Fit linear G, E, G+E and GxE models and select the winning model

For a set of Variable Methylated Region (VMR), this function fits a set of genotype (G), environment (E), pairwise additive (G + E) or pairwise interaction (G x E) models, one variable at a time, and selects the best fitting one. Additional information for each winning model is provided, such as its R2, its R2 increase comparing it to a basal model (i.e., a model only fitted with the concomitant variables), the delta AIC/BIC to the next best model from a different category, and the explained variance decomposed for the G, E and GxE components (when applicable).

Usage

lmGE(
  selected_variables,
  summarized_methyl_VMR,
  genotype_matrix,
  environmental_matrix,
  covariates = NULL,
  model_selection = "AIC"
)

Arguments

selected_variables: A data frame obtained with RAMEN::selectVariables(). This data frame must contain three columns: 'VMR_index' with characters of an unique ID of each VMR; ´selected_genot' and 'selected_env' with the SNPs and environmental variables, respectively, that will be used for fitting the genotype (G), environment (E), additive (G + E) or interaction (G x E) models. The columns 'selected_env' and 'selected_genot' must contain lists as elements; VMRs with no environmental or genotype selected variables must contain an empty list with NULL, NA , character(0) or "" inside.
summarized_methyl_VMR: A data frame containing each individual's VMR summarized region methylation. It is suggested to use the output of RAMEN::summarizeVMRs().Rows must reflects individuals, and columns VMRs The names of the columns must correspond to the index of said VMR, and it must match the index of VMRs_df$VMR_index. The names of the rows must correspond to the sample IDs, and must match with the IDs of the other matrices.
genotype_matrix: A matrix of number-encoded genotypes. Columns must correspond to samples, and rows to SNPs. We suggest using a gene-dosage model, which would encode the SNPs ordinally depending on the genotype allele charge, such as 2 (AA), 1 (AB) and 0 (BB). The column names must correspond with individual IDs.
environmental_matrix: A matrix of environmental variables. Only numeric values are supported. In case of factor variables, it is recommended to encode them as numbers or re-code them into dummy variables if there are more than two levels. Columns must correspond to environmental variables and rows to individuals.
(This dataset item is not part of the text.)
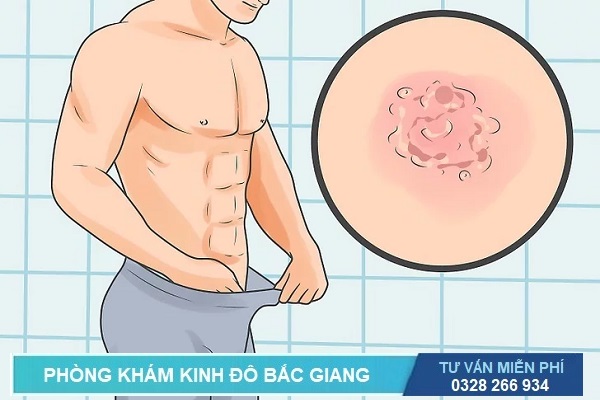 Xét nghiệm là cách duy nhất chuẩn đoán bệnh mụn rộp sinh dục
Row names must be the individual IDs.
covariates: A matrix containing the covariates (i.e., concomitant variables / variables that are not the ones you are interested in) that will be adjusted for in the final GxE models (e.g., cell type proportions, age, etc.). Each column should correspond to a covariate and each row to an individual. Row names must correspond to the individual IDs.
model_selection: Which metric to use to select the best model for each VMR. Supported options are "AIC" or BIC". More information about which one to use can be found in the Details section.

Value

A data frame with the following columns:

VMR_index: The unique ID of the VMR
model_group: The group to which the winning model belongs to (i.e., G, E, G+E or GxE)
variables: The variable(s) that are present in the winning model (excluding the covariates, which are included in all the models)
tot_r_squared: R squared of the winning model
g_r_squared: Estimated R2 allocated to the G in the winning model, if applicable.
e_r_squared: Estimated R2 allocated to the E in the winning model, if applicable.
gxe_r_squared: Estimated R2 allocated to the interaction in the winning model (GxE), if applicable.
AIC/BIC: AIC or BIC metric from the best model in each VMR (depending on the option specified in the argument model_selection).
second_winner: The second group that possesses the next best model after the winning one (i.e., G, E, G+E or GxE). This column may have NA if the variables in selected_variables correspond only to one group (G or E), so that there is no other model groups to compare to.
delta_aic/delta_bic: The difference of AIC or BIC value (depending on the option specified in the argument model_selection) of the winning model and the best model from the second_winner group (i.e., G, E, G+E or GxE). This column may have NA if the variables in selected_variables correspond only to one group (G or E), so that there is no other groups to compare to.
delta_r_squared: The R2 of the winning model - R2 of the second winner model. This column may have NA if the variables in selected_variables correspond only to one group (G or E), so that there is no other groups to compare to.
basal_AIC/basal_BIC: AIC or BIC of the basal model (i.e., model fitted only with the concomitant variables specified in the covariates argument)
basal_rsquared: The R2 of the basal model (i.e., model fitted only with the concomitant variables specified in the covariates argument)

Details

This function supports parallel computing for increased speed. To do so, you have to set the parallel backend in your R session before running the function (e.g., doFuture::registerDoFuture()) and then the evaluation strategy (e.g., future::plan(multisession)). After that, the function can be run as usual. It is recommended to also set options(future.globals.maxSize= +Inf).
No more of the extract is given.